Corporate governance and backdating of executive stock options
A study by Erik Lie of the University of Iowa and Randall Heron at Indiana University (see "Does Backdating Explain the Stock Price Pattern Around Executive Stock Option Grants?," Journal of Financial Economics, February 2007) formed the basis of a Pulitzer Prize-winning series of investigative articles by the Wall Street Journal in 2006.Internal investigations may be initiated by a company's board of a directors through a special committee. Accountants, auditors, investors, and analysts alike should understand the history of backdating, the risks companies under investigation face, how to search for indicators of backdating, and how these scandals might ultimately affect businesses and shareholders.
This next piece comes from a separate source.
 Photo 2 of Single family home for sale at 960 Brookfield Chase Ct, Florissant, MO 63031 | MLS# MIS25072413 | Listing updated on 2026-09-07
Options backdating is the practice of using hindsight to choose a beneficial calendar date in the past for purposes of granting a stock option to an employee, officer, or director of a company.
Some companies have as many as four separate ongoing investigations: one each by the SEC and DOJ, and one each undertaken by management and the board of directors.Just when it seemed safe to close the book on the scandals of the pre-Sarbanes-Oxley, pre-Internet bubble era, the stock options backdating fiasco that came to light in 2006 is a reminder that the history of the period is still being written.While the legality of stock options backdating will ultimately be decided case by case in the courts, dozens of companies are currently under investigation.The Center for Financial Research and Analysis (CFRA) performed a survey of the 100 companies with the greatest (as a percentage of revenues) pro forma options compensation in the pre-SOX period.Of those 100 companies, 17 had, on three or more occasions, option grant dates that were at or near 40-day stock price lows which were immediately followed by a significant stock increase.